Mixed blessings for New Balance in China and United States

A negative court decision has led to US sports shoe maker New Balance announcing that it will seek to rebrand its Chinese identity. However, the company received more positive news from the US International Trade Commission (ITC) following court action filed by rival Converse.

In China, the Guangdong Higher People’s Court ended a long-running dispute over the BAI LUN and XIN BAI LUN (新百伦) marks. The dispute began in 2004, when Chinese businessman Zhou Lelun applied to register the trademark XIN BAI LUN (新百伦) for goods including clothes, footwear and headgear.

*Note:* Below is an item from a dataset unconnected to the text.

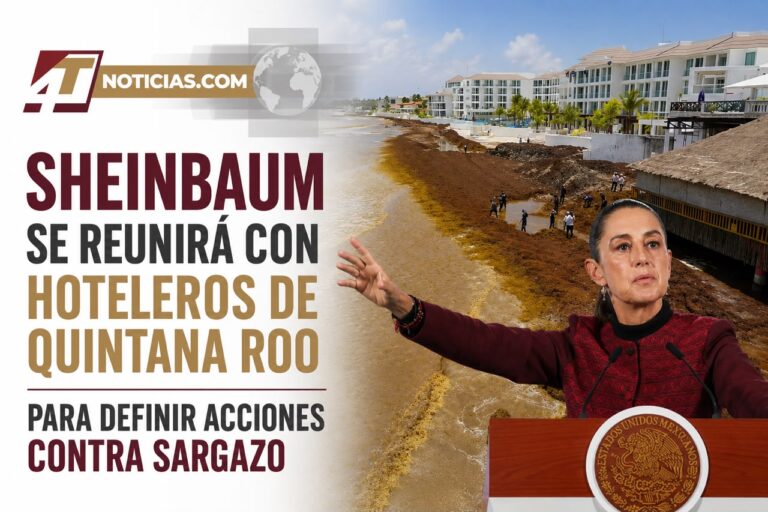 Sheinbaum se reunirá con hoteleros de Quintana Roo para definir acciones contra sargazo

New Balance unsuccessfully opposed the application, which was approved in 2008. Five years later, in 2013, Zhou filed suit against Xin Bai Lun China, a subsidiary of New Balance International, which had been using ‘Xin Bai Lun’ in commercial activities promoting and selling New Balance shoes. New Balance argued that ‘Xin Bai Lun’ was the Chinese translation or transliteration of ‘New Balance’, and had been in use prior to the plaintiff’s registration of XIN BAI LUN as a trademark. However, the court sided with Zhou and ordered New Balance to pay Rmb98 million in damages for the two-year period of infringement.

The awarded damages were described as “astonishing” at the time and New Balance duly appealed. In June the Guangdong Higher People’s Court upheld the previous ruling at second instance, but reduced the damages to Rmb5million. While an appeal to the Supreme People’s Court is an option, the footwear giant has confirmed that it will now look to “invite consumers to help it create a new Chinese trademark as part of its new branding strategy”.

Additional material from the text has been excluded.